Im Auftrag russischer Geheimdienste?: Medienbericht: Geheimes Waffenlager bei Berlin gefunden

Die Sicherheitsbehörden haben einem Medienbericht zufolge in der Nähe von Berlin ein geheimes Waffenlager gefunden (Symbolfoto).
imago images/Horst Galuschka- Geheimes Waffenlager nahe Berlin entdeckt – laut Medien im Auftrag russischer Dienste.
- Im Depot in Brandenburg lagen zwei funktionsunfähig gemachte Handfeuerwaffen.
- Bundesanwaltschaft ermittelt wegen Vorbereitung einer schweren staatsgefährdenden Tat.
- Ein Tatverdächtiger wurde in Rumänien festgenommen; er könnte das Lager angelegt haben.
- Behörden überwachten das Depot, fanden aber keinen Abholer; Verfassungsschutz äußerte sich nicht.
Die Zusammenfassung wurde durch künstliche Intelligenz erstellt.
Die Sicherheitsbehörden haben einem Medienbericht zufolge in der Nähe von Berlin ein geheimes Waffenlager gefunden.
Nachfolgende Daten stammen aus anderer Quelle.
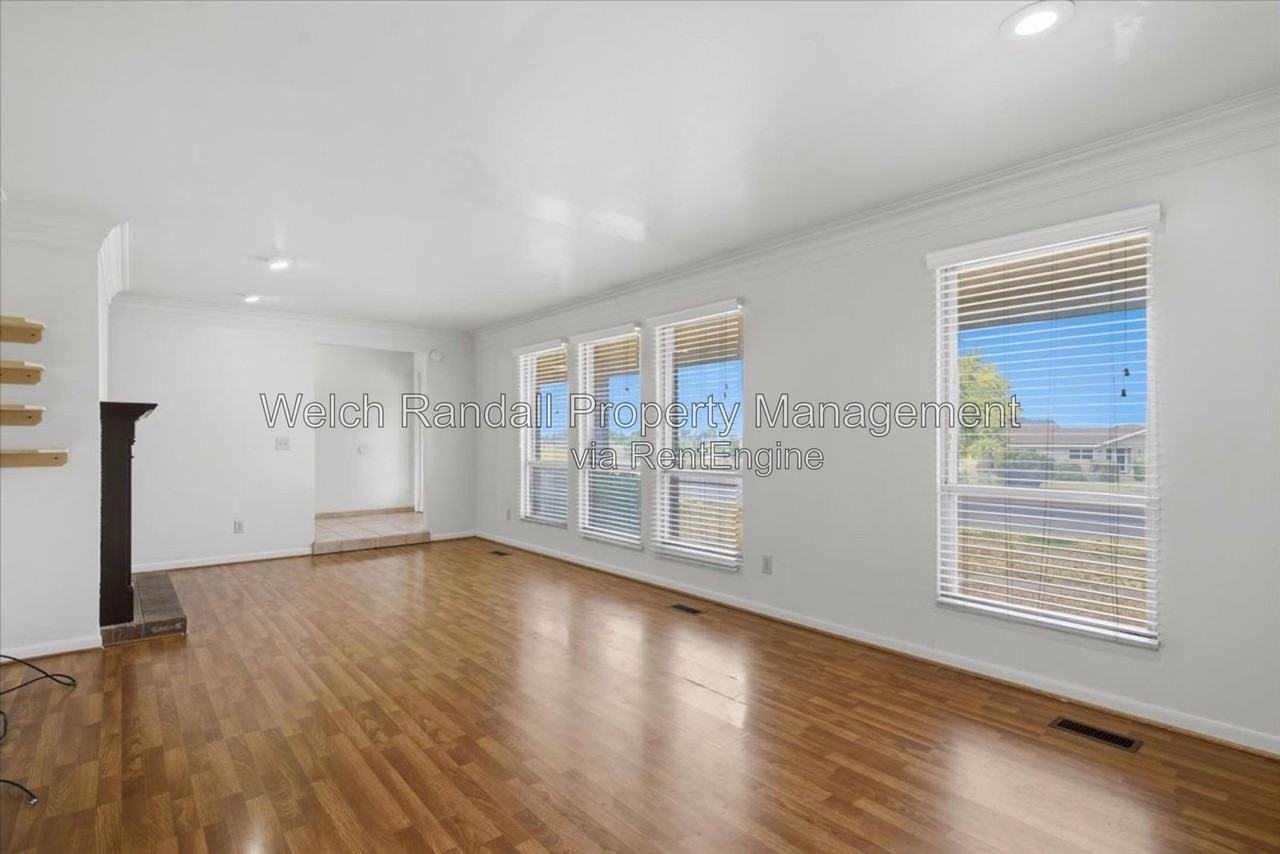 3548 Midland Dr - Photo 5 of 21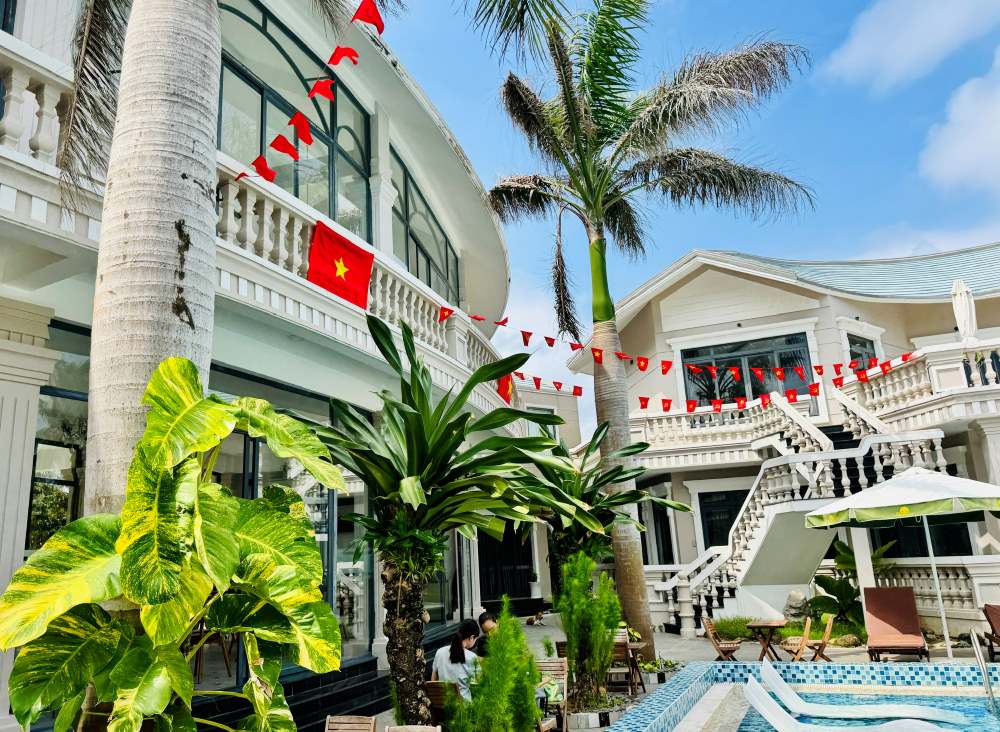 Khong chi ngoai duong ma cac co so luu tru, nha dan deu duoc trang hoang co to quoc ruc ro. Hien nay, he thong co so luu tru o dao voi gan 170 khach san, nha nghi, homestay, resort, dap ung du nhu cau luu tru cua du khach. Anh: Duy Tuan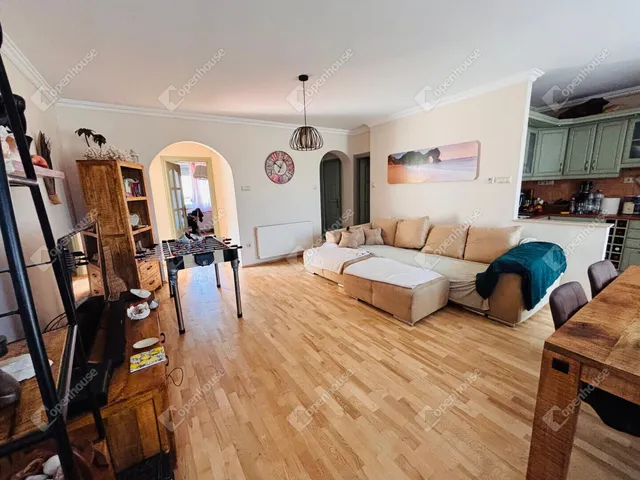 Eladó lakás Szeged, Móraváros 94 nm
Das Bundesamt für Verfassungsschutz gehe davon aus, dass es im Auftrag russischer Geheimdienste angelegt wurde, berichteten Norddeutscher Rundfunk, Westdeutscher Rundfunk und „Süddeutsche Zeitung“ am Freitag. In dem Depot in einem Wald in Brandenburg seien zwei Handfeuerwaffen gelagert worden.
Laut dem Bericht ermittelt inzwischen die Bundesanwaltschaft wegen des Verdachts der Vorbereitung einer schweren staatsgefährdenden Gewalttat. Ein Tatverdächtiger sei vor einiger Zeit in Rumänien festgenommen worden. Dem Bericht zufolge könnte er das Waffenlager angelegt haben.
Waffen für Agenten hinterlegt
Die Beamten hätten einen Hinweis auf das Versteck bekommen und es schon im vergangenen Spätsommer gefunden, berichten die Medien. Deutsche Sicherheitsbehörden seien inzwischen davon überzeugt, dass die Waffen für Agenten hinterlegt wurden, die im Auftrag Russlands sogenannte kinetische Operationen ausführen sollten, also etwa Attentate.
Die gefundenen Waffen seien funktionsunfähig gemacht worden. Dann sei das Depot überwacht worden, aber ohne Erfolg. Möglicherweise hätten die Täter die Entdeckung mitbekommen, schreiben die Medien.
Der Verfassungsschutz wollte sich auf Anfrage der Medien nicht zu dem Fall äußern, die russische Botschaft habe auch nicht geantwortet.